▶ [Problem to work on]: The reply should hold every line of the data below, unchanged, and none of the pictures.
(Input material begins)
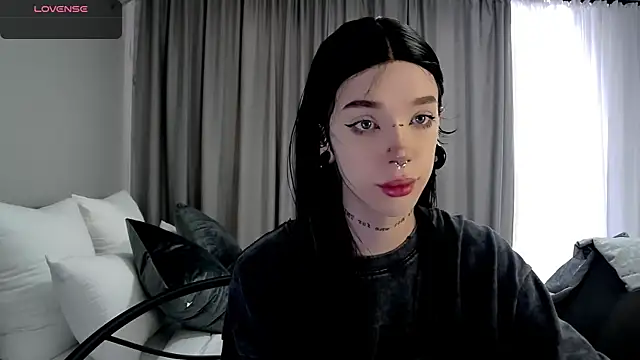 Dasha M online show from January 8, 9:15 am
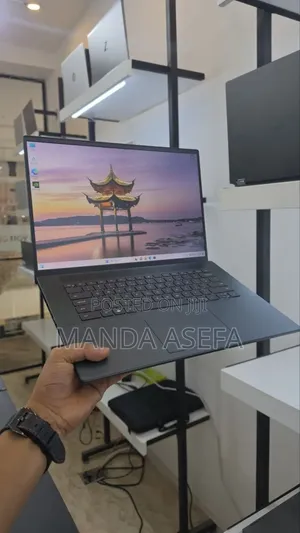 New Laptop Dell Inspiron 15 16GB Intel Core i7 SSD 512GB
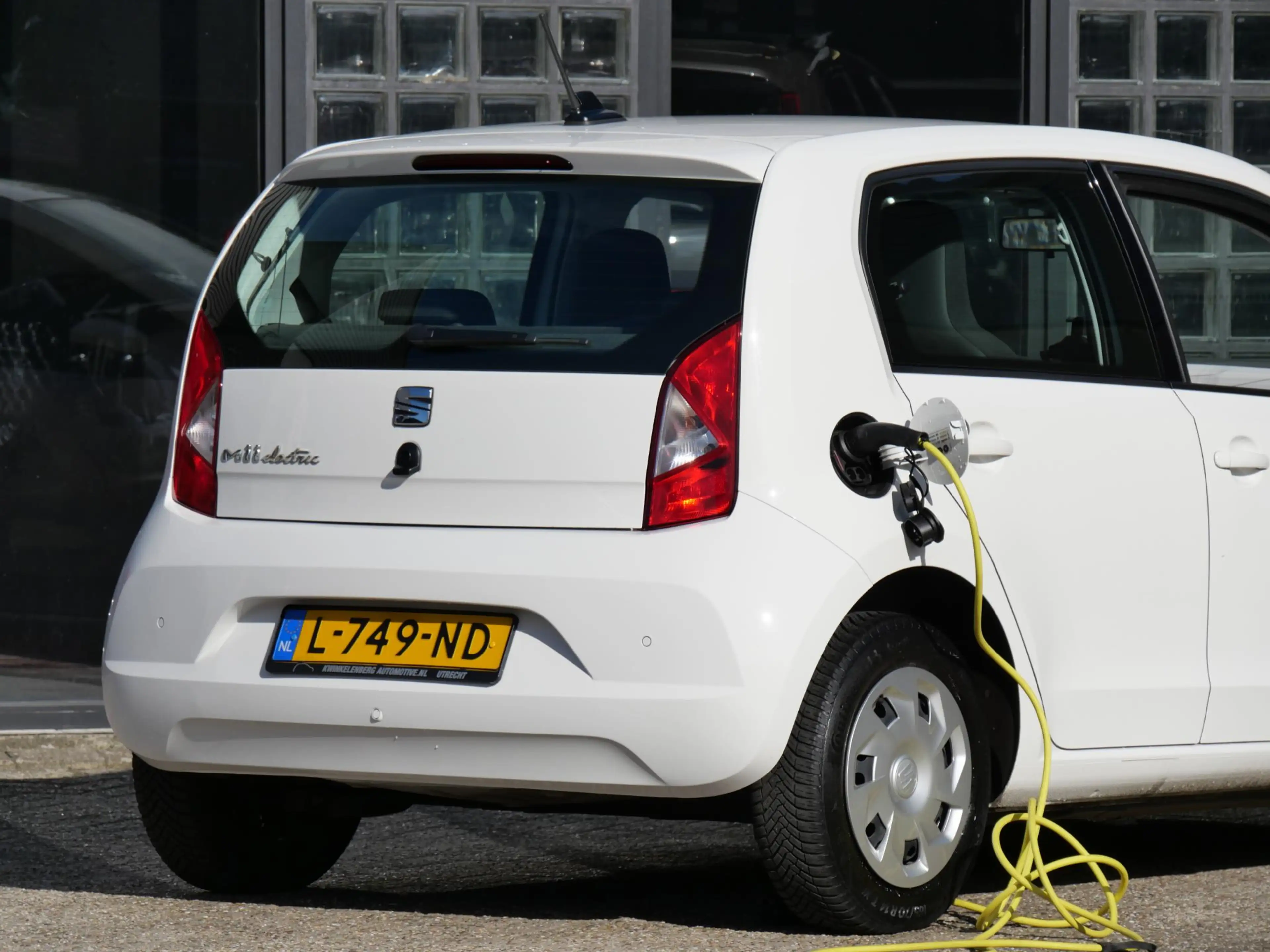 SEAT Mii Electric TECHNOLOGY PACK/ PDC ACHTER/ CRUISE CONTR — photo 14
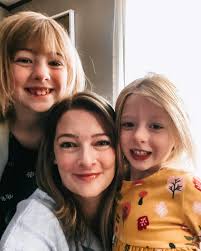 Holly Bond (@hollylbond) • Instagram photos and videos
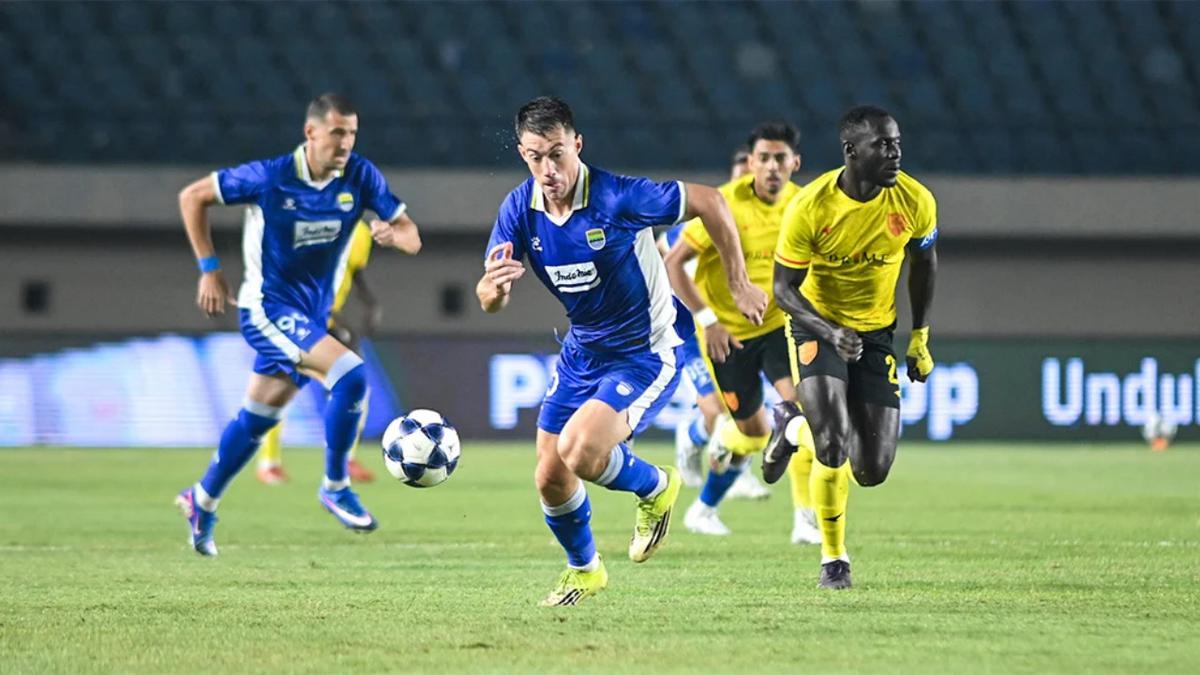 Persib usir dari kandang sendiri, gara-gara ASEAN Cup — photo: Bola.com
(Input material ends)
▶ [Response below]:
 Dasha M online show from January 8, 9:15 am
 New Laptop Dell Inspiron 15 16GB Intel Core i7 SSD 512GB
 SEAT Mii Electric TECHNOLOGY PACK/ PDC ACHTER/ CRUISE CONTR — photo 14
 Holly Bond (@hollylbond) • Instagram photos and videos
 Persib usir dari kandang sendiri, gara-gara ASEAN Cup — photo: Bola.com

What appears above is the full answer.